Semua duduk di ruang keluarga. Milea terlihat menunduk dengan wajah kosong. Rasanya sudah cukup menerima makian dari Mansy dan Mina tentang statusnya.
Berkali-kali Mansy melontarkan kalimat ‘anak haram’ disertai telunjuk yang teracung padanya. Entah kenapa, Milea merasakan sudah terlanjur kebal dengan semua keketusan Mansy.

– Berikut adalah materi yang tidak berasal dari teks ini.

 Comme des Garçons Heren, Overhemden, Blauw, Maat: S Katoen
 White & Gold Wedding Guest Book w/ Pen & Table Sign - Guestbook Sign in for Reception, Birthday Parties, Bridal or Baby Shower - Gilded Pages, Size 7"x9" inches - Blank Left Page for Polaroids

“Aku udah curiga sejak awal! Dia dengan semua sikap sok alimnya itu hanya bohong belaka! Anak pelacur, selamanya bakal jadi pelacur kayak ibunya!” Teriakan Mansy membuat ibunya tidak lagi bersabar.
“Cukup! Kamu makin lama kok makin keterlaluan, sih!” seru ibunya.
“Ma! Mama yang seharusnya ngomong kayak gitu! Pelacur yang udah nyuri suami mama itu ibunya dia!” bentak Mansy seperti kalap menunjuk ke arah Milea.
Ibunya hanya menggelengkan kepala dan tidak sanggup lagi berkata-kata. Mansy benar, seharusnya dia membenci Milea. Tapi bagaimana dia bisa memperlakukan gadis yang begitu penurut dan tidak pernah menimbulkan masalah itu? Milea memperhatikan dan menunjukkan kasihnya, melebihi dua anak dari rahimnya sendiri.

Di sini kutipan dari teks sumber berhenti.